# Acquisition Function

## 1. Introduction

The [`obsidian.acquisition`](https://github.com/MSDLLCpapers/obsidian/tree/main/obsidian/acquisition) submodule is a crucial component of the Obsidian APO library. It provides acquisition functions that guide the optimization process by determining which points in the parameter space should be evaluated next.
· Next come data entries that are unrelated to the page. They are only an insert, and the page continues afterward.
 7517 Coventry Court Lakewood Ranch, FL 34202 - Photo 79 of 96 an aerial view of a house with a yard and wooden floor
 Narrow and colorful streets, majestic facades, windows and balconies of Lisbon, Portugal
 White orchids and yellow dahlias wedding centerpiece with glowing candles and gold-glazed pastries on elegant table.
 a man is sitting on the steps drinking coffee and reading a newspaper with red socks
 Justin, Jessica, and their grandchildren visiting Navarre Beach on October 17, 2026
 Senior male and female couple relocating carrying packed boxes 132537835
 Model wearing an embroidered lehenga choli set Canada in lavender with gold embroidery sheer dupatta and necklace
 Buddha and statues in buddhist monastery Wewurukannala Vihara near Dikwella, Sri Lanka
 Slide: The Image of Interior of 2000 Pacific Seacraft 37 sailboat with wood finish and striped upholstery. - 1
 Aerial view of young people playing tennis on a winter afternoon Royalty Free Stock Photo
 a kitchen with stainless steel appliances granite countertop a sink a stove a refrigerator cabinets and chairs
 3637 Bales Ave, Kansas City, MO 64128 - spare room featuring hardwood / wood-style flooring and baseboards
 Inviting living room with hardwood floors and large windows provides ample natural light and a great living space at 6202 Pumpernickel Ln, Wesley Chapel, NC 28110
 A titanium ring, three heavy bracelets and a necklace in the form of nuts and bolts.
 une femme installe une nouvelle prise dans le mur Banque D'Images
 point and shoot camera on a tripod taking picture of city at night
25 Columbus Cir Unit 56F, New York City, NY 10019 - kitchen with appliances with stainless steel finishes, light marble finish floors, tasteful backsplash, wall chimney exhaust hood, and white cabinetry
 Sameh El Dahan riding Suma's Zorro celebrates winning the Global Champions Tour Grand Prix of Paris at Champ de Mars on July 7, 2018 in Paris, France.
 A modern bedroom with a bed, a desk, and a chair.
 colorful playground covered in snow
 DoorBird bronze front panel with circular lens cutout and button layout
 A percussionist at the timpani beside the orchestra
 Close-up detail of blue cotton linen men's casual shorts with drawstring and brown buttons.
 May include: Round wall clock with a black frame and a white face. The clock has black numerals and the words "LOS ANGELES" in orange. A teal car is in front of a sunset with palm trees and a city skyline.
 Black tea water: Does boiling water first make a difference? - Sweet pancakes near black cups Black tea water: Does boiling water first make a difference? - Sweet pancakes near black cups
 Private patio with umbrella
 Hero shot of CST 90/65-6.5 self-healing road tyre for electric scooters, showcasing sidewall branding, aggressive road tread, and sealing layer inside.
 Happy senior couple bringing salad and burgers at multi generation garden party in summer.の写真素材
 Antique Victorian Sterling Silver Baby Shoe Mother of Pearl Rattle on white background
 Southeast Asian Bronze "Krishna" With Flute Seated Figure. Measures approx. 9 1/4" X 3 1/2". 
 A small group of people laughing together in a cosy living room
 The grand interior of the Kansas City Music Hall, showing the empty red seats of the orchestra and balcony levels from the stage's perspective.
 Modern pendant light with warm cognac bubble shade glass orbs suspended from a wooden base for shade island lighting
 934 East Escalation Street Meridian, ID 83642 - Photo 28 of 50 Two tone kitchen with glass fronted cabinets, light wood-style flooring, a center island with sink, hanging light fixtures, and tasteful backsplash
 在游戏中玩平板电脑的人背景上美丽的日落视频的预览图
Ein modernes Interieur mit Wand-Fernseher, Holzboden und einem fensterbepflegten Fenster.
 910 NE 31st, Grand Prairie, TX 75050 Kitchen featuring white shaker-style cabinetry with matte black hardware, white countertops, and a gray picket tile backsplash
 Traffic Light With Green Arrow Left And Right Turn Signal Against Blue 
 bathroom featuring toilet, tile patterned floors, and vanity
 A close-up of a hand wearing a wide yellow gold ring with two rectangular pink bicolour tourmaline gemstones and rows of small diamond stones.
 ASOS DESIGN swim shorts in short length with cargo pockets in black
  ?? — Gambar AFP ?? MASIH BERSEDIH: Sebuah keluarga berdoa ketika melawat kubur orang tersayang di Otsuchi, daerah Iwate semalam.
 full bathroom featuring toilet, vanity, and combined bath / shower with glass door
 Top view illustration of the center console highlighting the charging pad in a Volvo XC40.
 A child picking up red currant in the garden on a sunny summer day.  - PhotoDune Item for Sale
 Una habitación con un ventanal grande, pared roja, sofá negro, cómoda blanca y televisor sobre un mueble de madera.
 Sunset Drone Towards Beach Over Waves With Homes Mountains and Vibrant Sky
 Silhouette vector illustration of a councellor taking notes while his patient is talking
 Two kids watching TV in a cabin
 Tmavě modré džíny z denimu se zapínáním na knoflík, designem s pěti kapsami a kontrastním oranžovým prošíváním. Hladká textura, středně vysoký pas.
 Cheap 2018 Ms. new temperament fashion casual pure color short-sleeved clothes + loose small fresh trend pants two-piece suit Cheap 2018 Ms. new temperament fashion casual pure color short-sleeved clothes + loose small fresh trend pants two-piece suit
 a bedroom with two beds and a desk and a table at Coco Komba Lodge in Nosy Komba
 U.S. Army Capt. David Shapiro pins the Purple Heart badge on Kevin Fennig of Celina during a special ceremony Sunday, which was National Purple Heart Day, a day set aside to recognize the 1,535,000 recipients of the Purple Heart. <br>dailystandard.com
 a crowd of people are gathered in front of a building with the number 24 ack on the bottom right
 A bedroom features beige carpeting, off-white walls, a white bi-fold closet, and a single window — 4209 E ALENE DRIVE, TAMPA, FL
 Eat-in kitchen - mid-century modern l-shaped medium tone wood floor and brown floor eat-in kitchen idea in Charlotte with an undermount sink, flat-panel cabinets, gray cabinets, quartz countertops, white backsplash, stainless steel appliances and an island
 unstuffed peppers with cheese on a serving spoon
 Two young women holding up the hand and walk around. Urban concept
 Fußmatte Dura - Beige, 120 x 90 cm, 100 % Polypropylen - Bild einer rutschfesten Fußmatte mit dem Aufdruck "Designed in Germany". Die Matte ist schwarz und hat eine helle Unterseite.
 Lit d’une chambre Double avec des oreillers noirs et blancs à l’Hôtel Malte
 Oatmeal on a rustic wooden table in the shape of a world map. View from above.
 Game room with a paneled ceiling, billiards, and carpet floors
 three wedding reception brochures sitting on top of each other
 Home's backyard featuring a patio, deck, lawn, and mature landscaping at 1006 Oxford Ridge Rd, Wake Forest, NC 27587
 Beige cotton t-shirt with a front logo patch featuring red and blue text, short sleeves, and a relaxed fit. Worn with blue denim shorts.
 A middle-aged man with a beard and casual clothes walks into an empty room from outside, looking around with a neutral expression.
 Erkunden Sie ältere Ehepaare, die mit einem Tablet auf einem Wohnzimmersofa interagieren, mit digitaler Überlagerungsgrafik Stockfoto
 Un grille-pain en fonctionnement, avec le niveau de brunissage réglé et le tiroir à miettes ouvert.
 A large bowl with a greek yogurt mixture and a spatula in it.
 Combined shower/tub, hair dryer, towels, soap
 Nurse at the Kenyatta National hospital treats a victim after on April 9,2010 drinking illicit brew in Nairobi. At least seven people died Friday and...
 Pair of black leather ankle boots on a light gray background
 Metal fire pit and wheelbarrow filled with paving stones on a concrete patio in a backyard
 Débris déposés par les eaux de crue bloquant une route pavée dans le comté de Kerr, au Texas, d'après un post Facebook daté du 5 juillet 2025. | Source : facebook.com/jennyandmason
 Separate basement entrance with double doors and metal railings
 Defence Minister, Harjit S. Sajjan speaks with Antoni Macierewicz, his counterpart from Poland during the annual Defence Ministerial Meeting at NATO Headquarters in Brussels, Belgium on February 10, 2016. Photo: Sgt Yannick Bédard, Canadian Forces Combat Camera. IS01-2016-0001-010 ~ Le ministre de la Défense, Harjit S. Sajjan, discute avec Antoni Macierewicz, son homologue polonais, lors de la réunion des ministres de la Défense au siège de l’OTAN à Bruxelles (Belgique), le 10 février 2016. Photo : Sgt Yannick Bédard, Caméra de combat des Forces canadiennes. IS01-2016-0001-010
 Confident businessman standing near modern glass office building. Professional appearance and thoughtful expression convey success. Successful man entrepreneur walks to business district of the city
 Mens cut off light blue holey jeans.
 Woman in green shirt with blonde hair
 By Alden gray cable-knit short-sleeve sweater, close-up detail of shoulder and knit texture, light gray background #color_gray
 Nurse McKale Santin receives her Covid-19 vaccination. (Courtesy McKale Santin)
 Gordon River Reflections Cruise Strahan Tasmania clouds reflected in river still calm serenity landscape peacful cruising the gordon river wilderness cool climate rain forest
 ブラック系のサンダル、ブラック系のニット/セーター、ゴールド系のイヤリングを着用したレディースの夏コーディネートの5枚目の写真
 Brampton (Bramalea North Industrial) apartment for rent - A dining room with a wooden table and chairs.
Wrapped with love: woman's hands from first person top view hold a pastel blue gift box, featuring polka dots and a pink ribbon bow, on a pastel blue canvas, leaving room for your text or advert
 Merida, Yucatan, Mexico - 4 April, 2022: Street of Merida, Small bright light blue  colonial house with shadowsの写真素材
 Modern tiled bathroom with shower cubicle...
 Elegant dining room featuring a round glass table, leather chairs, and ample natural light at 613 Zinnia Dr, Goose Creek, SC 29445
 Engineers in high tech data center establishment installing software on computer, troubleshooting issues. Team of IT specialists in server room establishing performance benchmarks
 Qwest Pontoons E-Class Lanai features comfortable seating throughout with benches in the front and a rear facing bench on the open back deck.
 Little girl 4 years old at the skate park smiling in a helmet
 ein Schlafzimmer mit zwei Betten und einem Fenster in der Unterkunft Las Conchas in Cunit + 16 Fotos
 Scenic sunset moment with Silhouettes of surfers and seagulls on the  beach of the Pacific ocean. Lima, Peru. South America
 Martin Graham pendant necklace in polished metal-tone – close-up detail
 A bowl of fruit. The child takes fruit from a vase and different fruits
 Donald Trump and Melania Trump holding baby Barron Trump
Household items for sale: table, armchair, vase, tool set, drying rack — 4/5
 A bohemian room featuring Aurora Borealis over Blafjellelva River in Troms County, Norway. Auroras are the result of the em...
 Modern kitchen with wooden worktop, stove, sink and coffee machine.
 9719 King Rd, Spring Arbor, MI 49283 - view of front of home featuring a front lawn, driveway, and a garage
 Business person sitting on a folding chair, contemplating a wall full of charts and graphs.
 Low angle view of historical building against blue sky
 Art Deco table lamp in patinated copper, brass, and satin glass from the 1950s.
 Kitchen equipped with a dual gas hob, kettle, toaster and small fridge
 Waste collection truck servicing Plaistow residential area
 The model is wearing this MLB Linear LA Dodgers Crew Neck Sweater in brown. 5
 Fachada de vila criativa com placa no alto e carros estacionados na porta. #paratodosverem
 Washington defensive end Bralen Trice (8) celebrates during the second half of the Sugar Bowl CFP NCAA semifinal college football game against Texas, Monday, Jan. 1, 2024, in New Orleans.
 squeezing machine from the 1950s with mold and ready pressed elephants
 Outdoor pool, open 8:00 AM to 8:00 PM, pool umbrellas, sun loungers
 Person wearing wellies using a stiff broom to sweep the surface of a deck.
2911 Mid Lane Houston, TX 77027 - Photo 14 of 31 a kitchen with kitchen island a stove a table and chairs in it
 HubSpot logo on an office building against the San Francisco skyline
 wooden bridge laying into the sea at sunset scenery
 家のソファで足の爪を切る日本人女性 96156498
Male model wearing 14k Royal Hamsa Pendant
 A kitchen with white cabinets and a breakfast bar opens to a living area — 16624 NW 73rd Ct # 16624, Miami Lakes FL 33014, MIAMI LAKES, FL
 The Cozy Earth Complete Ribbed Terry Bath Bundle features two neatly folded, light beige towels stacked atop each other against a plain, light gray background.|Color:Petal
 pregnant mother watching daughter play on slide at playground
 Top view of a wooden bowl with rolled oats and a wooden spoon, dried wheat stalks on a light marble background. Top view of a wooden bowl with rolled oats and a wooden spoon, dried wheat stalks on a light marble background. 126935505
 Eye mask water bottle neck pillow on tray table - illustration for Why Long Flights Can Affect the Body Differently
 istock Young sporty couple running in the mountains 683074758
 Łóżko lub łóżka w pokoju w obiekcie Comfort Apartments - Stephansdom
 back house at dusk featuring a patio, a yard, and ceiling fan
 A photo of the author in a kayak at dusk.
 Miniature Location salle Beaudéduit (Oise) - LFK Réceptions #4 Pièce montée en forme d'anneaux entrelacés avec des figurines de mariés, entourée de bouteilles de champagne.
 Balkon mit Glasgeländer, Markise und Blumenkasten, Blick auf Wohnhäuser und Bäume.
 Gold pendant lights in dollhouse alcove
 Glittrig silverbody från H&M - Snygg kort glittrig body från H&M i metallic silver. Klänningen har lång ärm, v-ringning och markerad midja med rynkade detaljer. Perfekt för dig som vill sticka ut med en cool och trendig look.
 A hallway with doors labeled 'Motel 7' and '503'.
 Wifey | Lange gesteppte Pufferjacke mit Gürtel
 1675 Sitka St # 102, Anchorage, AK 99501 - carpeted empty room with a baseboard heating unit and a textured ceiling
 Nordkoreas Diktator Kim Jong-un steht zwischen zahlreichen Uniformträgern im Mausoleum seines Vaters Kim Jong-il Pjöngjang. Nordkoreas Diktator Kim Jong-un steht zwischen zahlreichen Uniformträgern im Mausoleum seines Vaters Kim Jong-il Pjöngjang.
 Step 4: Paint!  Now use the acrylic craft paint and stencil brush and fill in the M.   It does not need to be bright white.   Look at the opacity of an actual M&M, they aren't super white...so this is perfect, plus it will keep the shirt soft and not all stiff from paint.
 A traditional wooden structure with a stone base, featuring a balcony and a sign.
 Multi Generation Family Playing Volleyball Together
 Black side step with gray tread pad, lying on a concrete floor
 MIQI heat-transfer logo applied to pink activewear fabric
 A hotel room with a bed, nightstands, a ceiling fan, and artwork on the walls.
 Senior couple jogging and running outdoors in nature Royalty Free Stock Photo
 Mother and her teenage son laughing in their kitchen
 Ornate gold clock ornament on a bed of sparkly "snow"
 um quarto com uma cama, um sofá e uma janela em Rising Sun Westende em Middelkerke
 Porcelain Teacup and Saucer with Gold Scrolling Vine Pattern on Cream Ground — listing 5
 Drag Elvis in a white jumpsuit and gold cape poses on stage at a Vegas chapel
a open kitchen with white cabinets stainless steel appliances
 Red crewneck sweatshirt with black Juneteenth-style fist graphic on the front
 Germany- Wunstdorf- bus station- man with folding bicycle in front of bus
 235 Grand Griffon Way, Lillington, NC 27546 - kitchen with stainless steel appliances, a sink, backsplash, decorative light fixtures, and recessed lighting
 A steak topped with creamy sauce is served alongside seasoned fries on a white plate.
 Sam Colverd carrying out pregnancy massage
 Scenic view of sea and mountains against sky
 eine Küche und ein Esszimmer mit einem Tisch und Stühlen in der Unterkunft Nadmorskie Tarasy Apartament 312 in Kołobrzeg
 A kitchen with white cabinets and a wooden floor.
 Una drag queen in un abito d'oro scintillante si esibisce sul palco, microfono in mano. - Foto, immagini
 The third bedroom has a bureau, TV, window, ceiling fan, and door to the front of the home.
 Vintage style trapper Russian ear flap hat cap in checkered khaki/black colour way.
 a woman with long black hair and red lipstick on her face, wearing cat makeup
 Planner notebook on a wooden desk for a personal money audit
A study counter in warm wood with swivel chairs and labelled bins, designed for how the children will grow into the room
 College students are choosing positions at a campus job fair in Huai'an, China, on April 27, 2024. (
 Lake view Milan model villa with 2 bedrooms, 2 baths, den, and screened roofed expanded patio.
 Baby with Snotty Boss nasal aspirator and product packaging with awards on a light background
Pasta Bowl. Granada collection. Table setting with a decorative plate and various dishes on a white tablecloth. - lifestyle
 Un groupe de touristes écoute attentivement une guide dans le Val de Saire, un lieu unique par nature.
These acquisition functions balance exploration of uncertain areas and exploitation of promising regions, which is key to efficient optimization.

## 2. Usage

### 2.1 Available Acquisition Functions 

The acquisition submodule offers a range of acquisition functions, including standard `BoTorch` acquisition functions and custom implementations. 
Below, you will find various options for the acquisition argument, along with a brief description for each.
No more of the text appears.